It is the Comforter, the Holy Ghost Himself, who came down on the day of Pentecost, and it is His presence which made Peter say, " thou hast not lied to men, but unto God."
If we compare the effects of the presence of the Holy Ghost as a testimony, it is the contrary which is true. " He that believeth on me," said Jesus, "... greater works than these shall he do; because I go unto my Father," John 14:12.
To say that the worth of Jesus was greater than that of His disciples is nonsense. One cannot compare God and His creatures, nor the Son of God with those who are His, however blessed they may be. This is evident. To compare the Holy Ghost manifested in one way, with the Holy Ghost manifested in another way, is unbelief as to His divine Person.
I do not say (and I indeed hope that it is not so) that Mr. M. has abandoned orthodoxy. But the page of his tract, with which we have just been occupied, betrays certainly a very serious rationalism, the fruit of philosophy. It betrays a practical unbelief which is enough to account for the general bearing of this tract, and which shows itself to the attentive reader in many places. So again, in these words: " when the apostle says that the children of God are led by His Spirit (Rom. 8:14), this has solely reference to faith and holiness in the affections and in life." The influence of the Holy Ghost doubtless manifests itself in these things; but that which is on the mind of the apostle is not the influence of the Spirit only, but the Spirit Himself; that which is on the mind of Mr. M. is a state of soul; in Rom. 8:16 the apostle says, " it is the same Spirit," or " the Spirit itself." And again, " the Spirit helpeth," " the Spirit maketh intercession," the Spirit " dwelleth " in us.
That the Irvingites said that there was more than one Immanuel, is a thing I never heard them accused of; and I have great doubts of it, however they have been deceived by the enemy. However that may be, we have not now to deal with them. But I pray my brethren to be well on their guard against that rationalistic unbelief, which the tract we are examining manifests concerning the presence of the Holy Ghost, and against the efforts which have for their object to substitute for the personal presence of the Holy Ghost in us, a real presence of the Spirit with us. All that this page contains seems to me extremely serious, and makes me more uneasy as regards Mr. M. than nearly all the rest of his tract. I do not know where he learned these things; but I recognize there, in the expressions, in the use of the word, in the manner of quoting from it, as well as in the doctrine, marks so evident of a work of the enemy, a work which I have seen elsewhere, that I confess it alarms me exceedingly. Does he think that the personal presence of the Holy Ghost only took place when He descended on Jesus? And, as we have already asked, is it to this that he applies the expression "the fullness of the Godhead"?
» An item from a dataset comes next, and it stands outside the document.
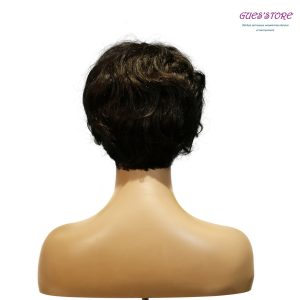 center wig machine made black wig remy hair tc041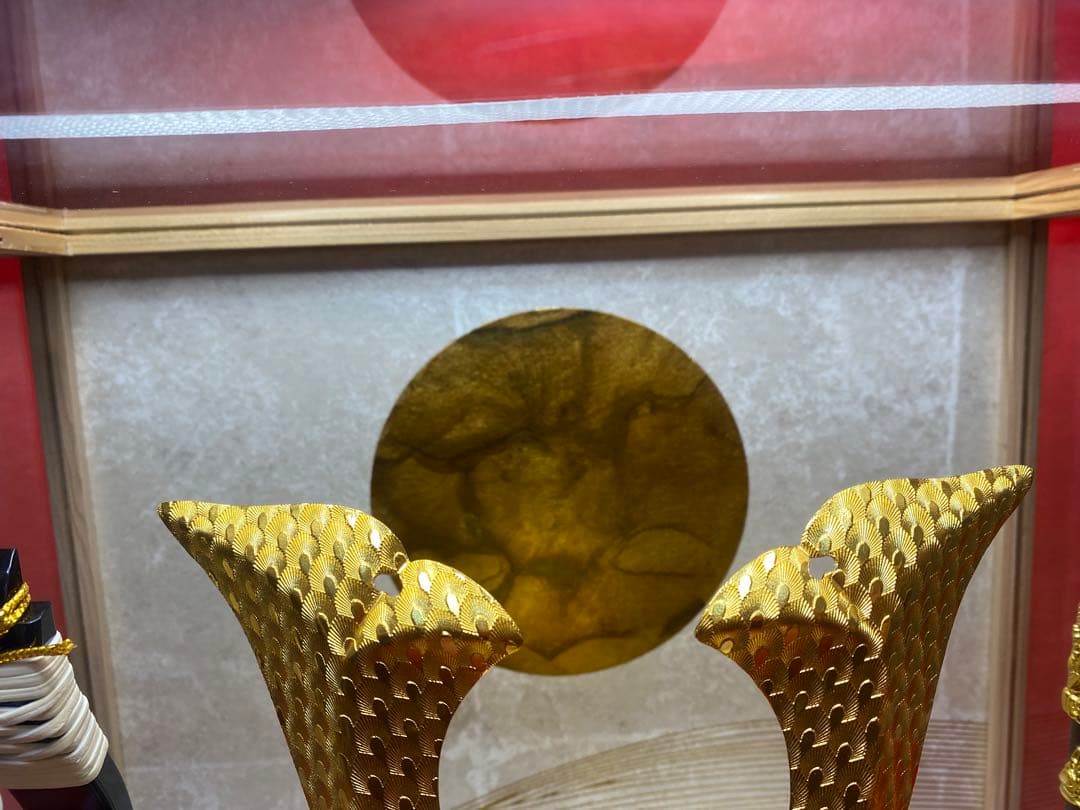 東京久月　五月人形　兜飾り　白木ガラスケース入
Whilst fully recognizing that it was the Holy Ghost in Person who descended on Jesus, it is certain that, generally speaking, the word of God shows the personal coming of the Holy Ghost the Comforter, to be a result of the ascension of Jesus; that it was then that the Holy Ghost was personally sent from on high as that other Comforter, who was to abide with us forever. Before that, the distinctive thing was the presence of the Son, without the possibility of separating the Father from Him (John 14:10), and the Holy Ghost (Matt. 12:28), as many passages show. That which distinguishes the present time, since Pentecost, is the presence of the Holy Ghost, from whom we cannot separate the Father or the Son; John 14:23.
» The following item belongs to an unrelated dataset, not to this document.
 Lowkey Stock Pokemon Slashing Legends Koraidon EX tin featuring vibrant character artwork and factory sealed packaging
Is it thus then that Mr. M. has learned only to see a " fullness in the testimony of the Holy Ghost to the Christian's heart, which is unknown in the past dispensation "? Is this all? Has not the Comforter been sent from on high after the ascension of Jesus? Is it not said (John 7:39), that " the Holy Ghost was not yet [given]; because that Jesus was not yet glorified "? In nowise is it believed, that the faithful of the last dispensation were, as he accuses us of saying, " strangers to the work of the Holy Ghost " or to divine life; but we believe that the Comforter was not yet given, as He was given when the work of Jesus had been finished. Does not the word of God say it?
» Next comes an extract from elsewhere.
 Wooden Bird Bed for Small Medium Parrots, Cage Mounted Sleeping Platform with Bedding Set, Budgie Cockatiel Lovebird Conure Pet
One remark on the subject of the Lord's return.
Mr. M. says on this subject, " It was apparently Paul's expectation when he wrote the first of his epistles; but towards the close of his life, he reckoned he would die."
Were the thoughts of Paul changed, as if he had been wrong at first? By no means. He speaks of the Church's hope, which he shared, and he speaks of it in these words: " we "-at the end he awaited an immediate martyrdom. He was " now " about to be poured out as a libation of the sacrifice. This makes no change in the doctrine, nor in the hope of faith.
A middle course in faith is infidelity in the heart.
There is a painful indifference to the word of God as a guide. In speaking of the choice and appointment of elders, this is how Mr. M. arranges the matter: " The brethren who had done the one, would be able, if needs be, to do the other also." Is it thus that one is to dispose of the word according to our pleasure?
As to the doctrine of guilt, that which Mr. M. says of it amounts to this, namely, that the doctrine which teaches that all men are under the guilt under which Adam was, is an error; that is to say, he is, on this point, what is called an Arminian. The important thing to observe is the levity with which, as with the authority of a teacher, he treats traditional orthodoxy on the point as an error. What he says on Rom. 5:14, viz., that the children of Adam are " far from being accounted guilty of having committed his sin," has no connection with the question; because, as this passage says, they have not in fact committed that sin; but he says nothing of their state of guilt in the sight of God. But Rom. 5:19 says positively that by the sin of Adam they were made sinners. Mr. M. criticizes on this occasion a quotation which I made from Amos 5:26, in the tract on " The State of the Church." The Spirit of God says there that the Israelites, guilty as a part of the whole, of the nation, and guilty of the whole of its sin, would bear the punishment of it in a captivity beyond Babylon. Now we must not lose sight of this, that in this part of the tract " The State of the Church," it was a question not of the eternal consequences of sin, but of the government of God with respect to Israel. Since this government of God deals with the Israelites as guilty, I think therefore He regarded them as such. Joshua and Caleb have nothing in common with this, for there is no question of the faithful, who by the way suffer the consequences of the sin of others, as sharing the lot of the people; the question was as to the unbelieving who, ratifying the sin and unbelief of their fathers, bear the punishment of it, after acting like their fathers or even yet worse.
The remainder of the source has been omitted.